Embora já tenha cumprido a missão de escolher o seu último livro, continuo a viagem, porque assim se opera os tráfegos da memória. Desde há um ano, tenho apresentado este espetáculo em Portugal, Espanha e França. Continuarei na Alemanha, Suíça, Canadá, Estados Unidos da América, etc. Já são algumas centenas, os espectadores que, em várias línguas, aprenderam este soneto ao meu lado, no palco. E hesito em acreditar que, mesmo quando terminar a digressão da peça, alguma vez termine este périplo. Porque sei que é uma viagem em busca daquelas que poderão vir a ser as últimas palavras da minha avó. E talvez até as minhas próprias últimas palavras. O soneto 30 começa assim: quando em meu mudo e doce pensamento / chamo à lembrança as coisas que passaram.
Tiago Rodrigues
By Heart
George Steiner diz que “quando uma linguagem morre, morre igualmente uma forma de olhar o mundo”. Diz-nos também que estamos no fim da era dos livros. Quando Tiago Rodrigues junta 10 espectadores e lhes pede para aprenderem de cor (by heart) um soneto de Shakespeare, pede-lhes que aprendam “com o coração”, oferece a possibilidade da poética aliada à experiência da poesia. Cumpre, inevitavelmente o papel de bibliotecário do efémero. Se cada um decorar aquele soneto, ele sobreviverá para sempre de uma forma viral. E por isso o papel simbólico dos livros nesta obra. Formalmente este é o espetáculo mais simples que Tiago Rodrigues até hoje criou. Conceptualmente é, provavelmente, a sua obra mais complexa.
By Heart questiona o lugar do espectador e responsabiliza-o perante a experiência teatral. A viagem temporal que atravessa o espetáculo é, pois, a da responsabilização. A mesma viagem que a avó de Tiago decide empreender quando se obstina em memorizar um livro inteiro antes da inevitável cegueira que se avizinha (situação na peça, mas também na vida real).

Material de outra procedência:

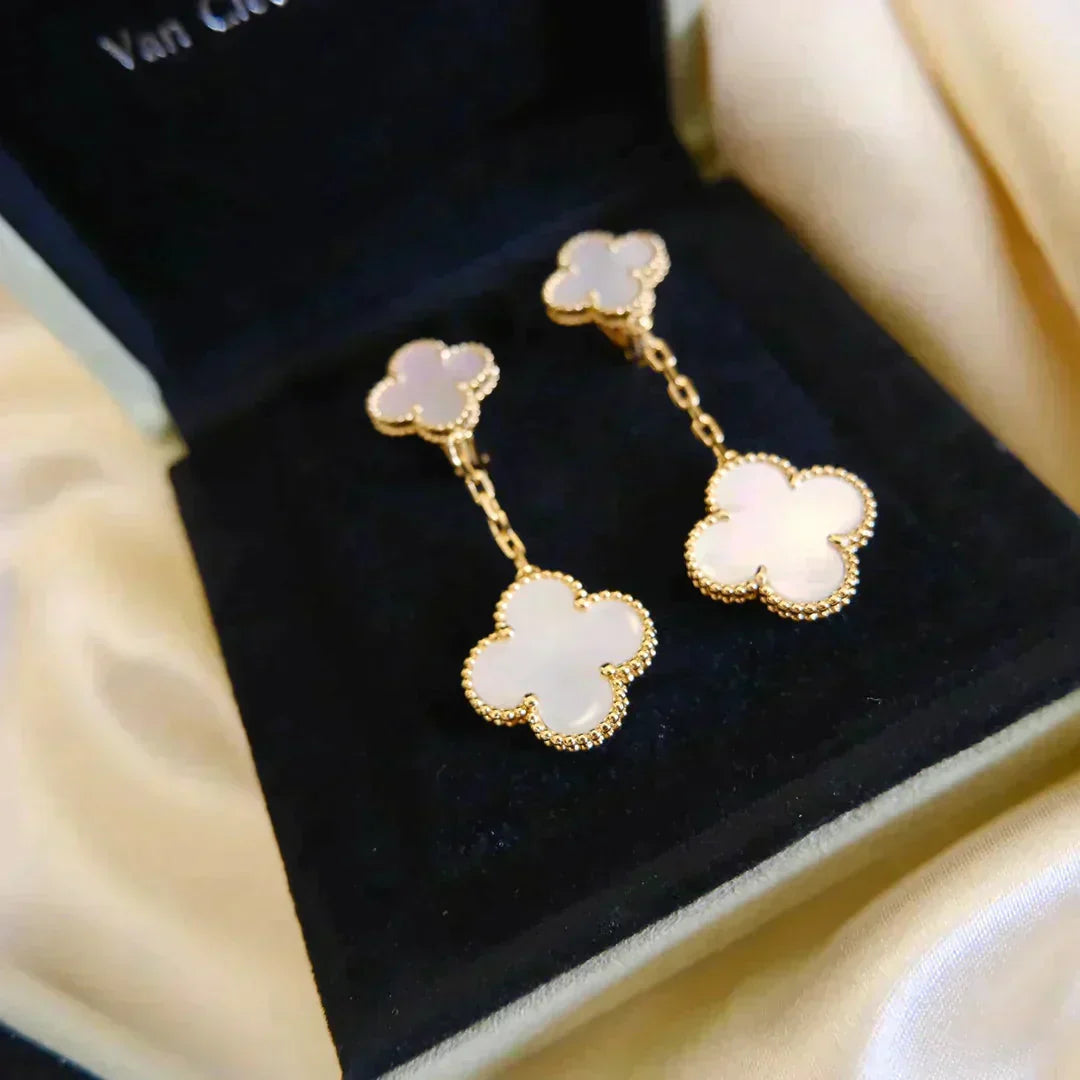 [Clara Jewels]CLOVER 2 MOTIF WHITE MOP EARRINGS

Este ato de obstinação é o contrato que, em cada noite, o teatro celebra entre os atores e os espectadores. O contrato da memória, essa fronteira última da live art, que o poder tanto detesta, pois não se pode vender, comprar, medir ou taxar, e que transfere para cada espectador a responsabilização de algo que foi relevante mas efémero.
Rui Horta, coreógrafo
(exceto 26)
Sinopse
Le Figaro, novembro 2014
Em By Heart, Tiago Rodrigues ensina um poema a dez pessoas à frente do público. Enquanto os ensina, vai desfiando histórias sobre a sua avó quase cega e sobre escritores e personagens de livros que, de algum modo, estão ligados a ela e a ele próprio. Esses livros também estão lá, em palco, dentro de caixotes de fruta. E, à medida que cada par de versos vai sendo ensinado ao grupo, emergem ligações improváveis entre o vencedor do Nobel Boris Pasternak, uma cozinheira do Norte de Portugal e um programa de televisão holandês chamado Beleza e Consolação. By Heart é uma peça sobre a importância da transmissão, do invisível contrabando de palavras e ideias que apenas guardar um texto na memória pode oferecer. É sobre o esconderijo seguro que os textos proibidos sempre encontraram nos nossos cérebros e nos nossos corações, garantia de civilização mesmo nos tempos mais bárbaros e desolados. Como disse o teórico de literatura George Steiner numa entrevista ao programa de televisão Beleza e Consolação: “Assim que dez pessoas sabem um poema de cor, não há nada que a KGB, a CIA ou a Gestapo possam fazer. Esse poema vai sobreviver”.
Depois da estreia em 2013 e de uma digressão internacional de sucesso, voltamos a apresentar By Heart de Tiago Rodrigues, com uma sessão à tarde destinada especialmente às escolas secundárias.